Monday, July 07, 2008

What about Arnie?

Sometime near the end of Arnie's relationship with my mother, Rae, my father had a brush with him at the Birdcage pub in Auckland City. Dad was enjoying a drink with a colleague, when Arnie approached, 24 stone, 6 foot something, moustachioed and intimidating. He glared down at Dad, who was seated, and spat out “You’re an arsehole.” Dad looked up at him, and said, “No mate, you’re the arsehole.” Dad’s friend started kicking him furiously under the table. “Anyone who comes up to someone they don’t know and says “You’re an arsehole”, must be an arsehole”, Dad continued. His friend persisted in kicking Dad’s legs energetically. Dad asked Arnie who he was, and he indicated that he was with Rae, who lingered further back in the pub.

Rae would have told Arnie the usual stories she told all her boyfriends, actually anyone who would listen - that she was a victim of physical abuse and marital rape at the hands of my Dad, and that to rub salt in the wound, he had indulged in various indiscretions. Rae was prodigious in her efforts to inform the world of a past that I suspect was a product of her own imaginings, and that over time became more real to her than the truth. She was particularly fond of dramatic public statements. One day, she vandalised her own home in order to publicise her tale of woe to the neighbourhood.

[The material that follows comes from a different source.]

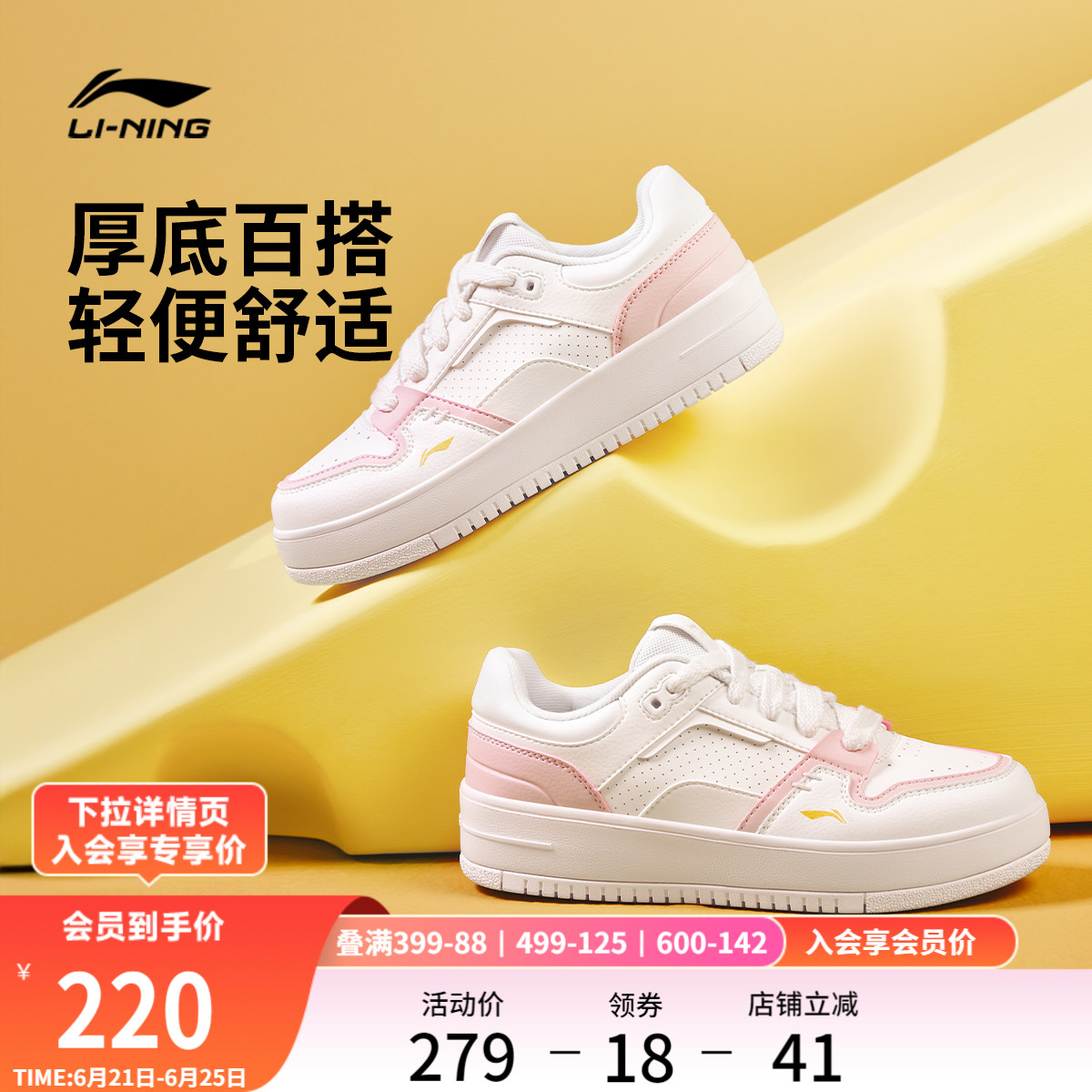 李宁奶酪丨板鞋女夏季小白鞋时尚百搭厚底增高经典休闲鞋运动鞋女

Soon after the break up with Dad, I returned home from school to discover my mother had spray painted his name in big blue letters, followed by the words "is a RAPIST" on the dark brown block work at the bottom of our house. I froze at the top of the driveway, my legs felt disembodied, my heart pounded in my chest, and an ache radiated out from my stomach. Her graffiti was clearly visible from the street. I fretted for my father. I didn't know what a rapist was exactly, but I understood they were not far off murderers. Was my father a rapist? I couldn't reconcile my experience of him as a funny and caring person with this dark word. Not for the first, or last time, I pushed aside my confusion. It was quickly replaced by deep embarrassment at the thought of the kids I knew who often walked by. They would see it, and they would read it. Their parents would see it, and they would read it. Perhaps they would know what a rapist was, and believe that my dear father was a bad, bad man, and that I must be a bad, bad girl. Up until this point, life experience had buffeted my innocence and worn it down. But this was a gale force wind precipitating a landslip. I questioned who my father was, and what that made me. But in short time it was the question of who my mother was that troubled me the most. I quickly learned to distrust her.

Whether my father raped my mother I could not say categorically. If it were true, it would be a great surprise to me. Whether he assaulted my mother, I don't believe so. I never witnessed such a thing, and neither did my siblings. The funny thing is, we only recall Dad acting in self-defence. We were witness to the numerous attacks Rae made on Dad for some real or perceived slight. She hurled crockery and pans of boiling water, lunged at him with a meat tenderiser, and threatened to the children that she would take his life while he slept.

As for the indiscretions, my father is an outrageous flirt, which I presume he was in those days, but he maintains he was never a philanderer and I have no reason to think otherwise. The only evidence of cheating came from Rae's quarter.

“Rae has obviously been feeding you rubbish.” Dad told Arnie. “Why don’t you listen to my side of the story?” My father then enquired about where Arnie worked (he laid paving) and said that he would pay a visit to the work site the next day. Arnie turned and left.

Dad turned to his friend. “Why were you kicking me?”.

“You didn’t know who that was?” asked his friend. “He’s ex-Hell’s Angels. He’s been in jail for manslaughter.”

Dad had no idea of the man’s past, but his friend thought Dad was very brave, all the same. Then Dad explained, “I had my palms under the table the whole time. If he lunged at me, I was going to flip the table and run for my life.”

Dad turned up at the work site the next morning, but Arnie wasn’t there. Perhaps my father was courageous after all. Or perhaps he was a touch a foolhardy.

I think it all ended with Arnie when Rae accused him of an indiscretion with a client. She told me that she confronted Arnie at a work site. I also recall her threatening to contact a client to tell her that Arnie had probably been stealing from her house while on the job. By then he had lavished my mother with money and gifts, including two silk outfits and a gold and opal ring. My mother gave it to me years ago, soon after she met her second husband. “It’s probably stolen”, she told me. I don’t wear it.